What needs to be done ::
In the records below, the lines between the one holding "Bonneval sur Arc, classé" and the one holding "Casa Podstrana, 400m2", inclusive, are to be transcribed exactly; no pictures are to be included.

*** Opening of Records supplied ***

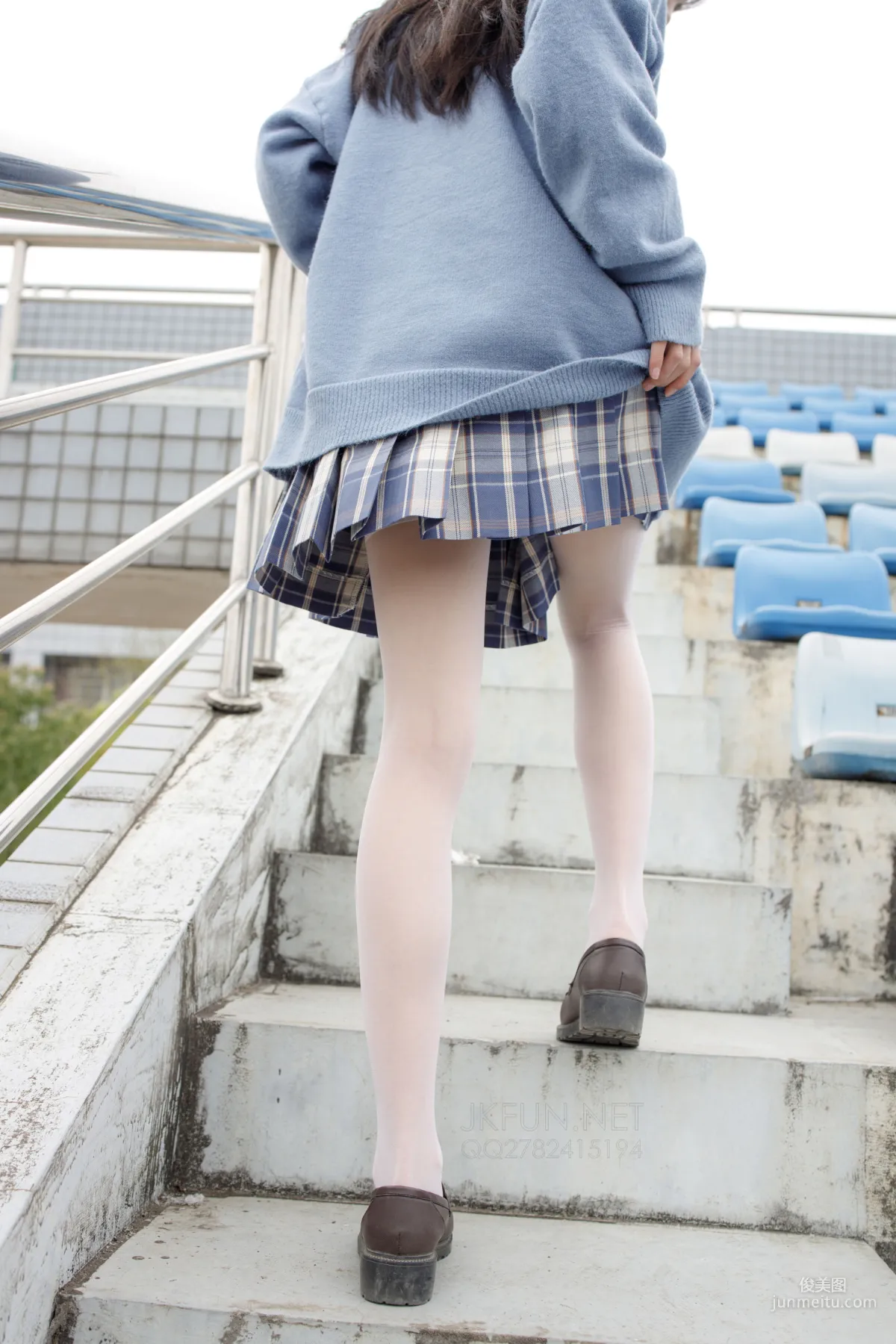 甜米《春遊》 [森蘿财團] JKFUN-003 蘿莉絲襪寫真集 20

*** Close of Records supplied ***
*** Opening of Records supplied ***

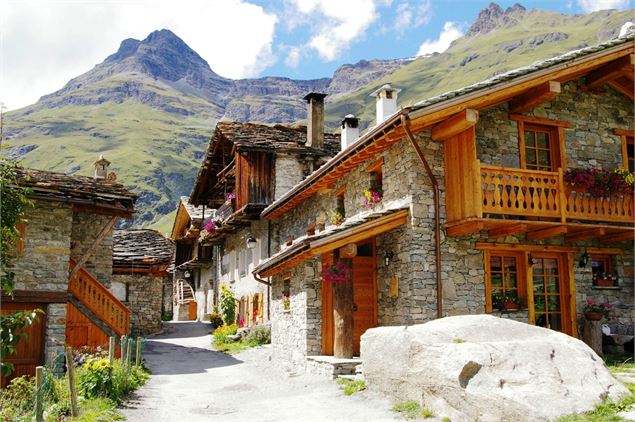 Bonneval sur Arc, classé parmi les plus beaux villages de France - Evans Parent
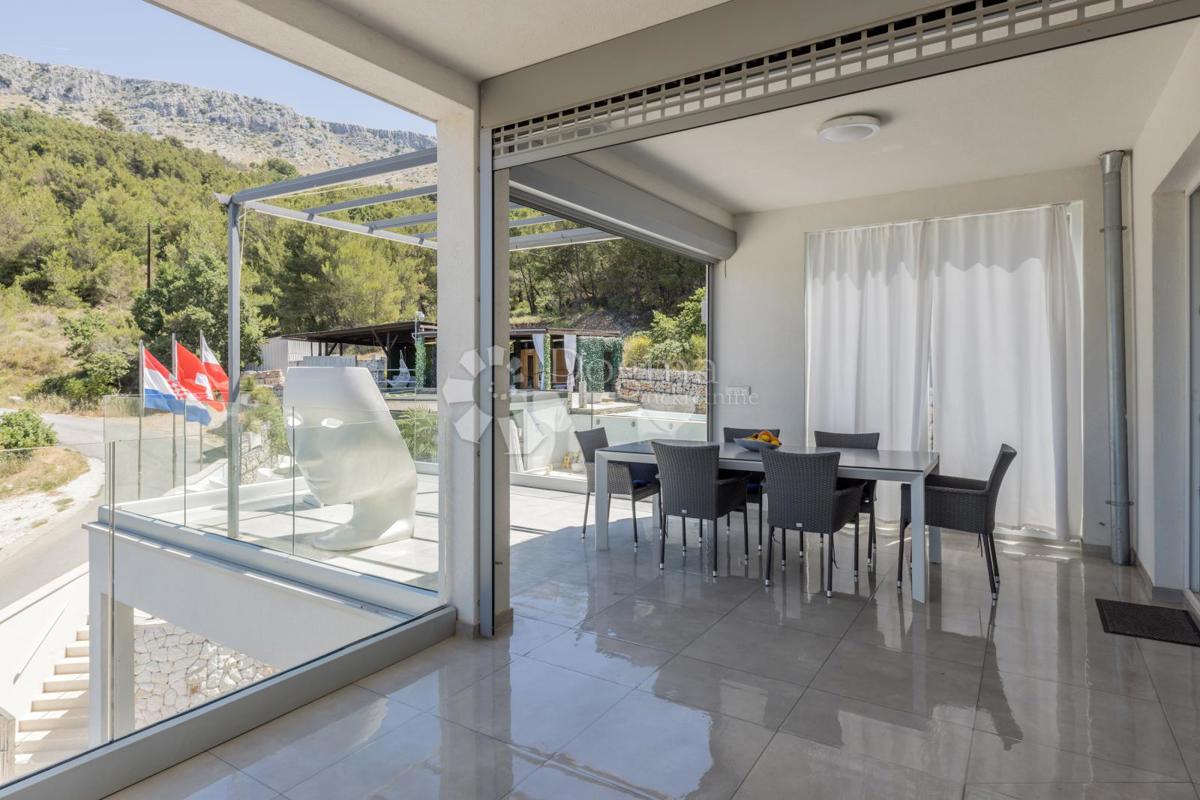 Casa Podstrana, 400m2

*** Close of Records supplied ***
*** Opening of Records supplied ***

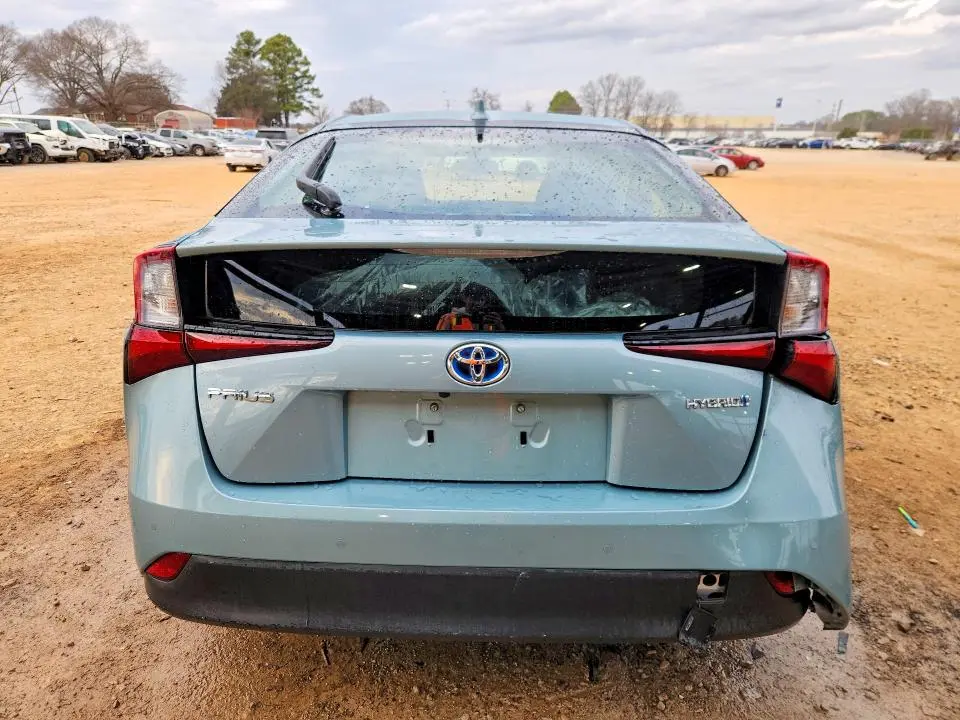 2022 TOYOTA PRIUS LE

*** Close of Records supplied ***

Task response ::
 Bonneval sur Arc, classé parmi les plus beaux villages de France - Evans Parent
 Casa Podstrana, 400m2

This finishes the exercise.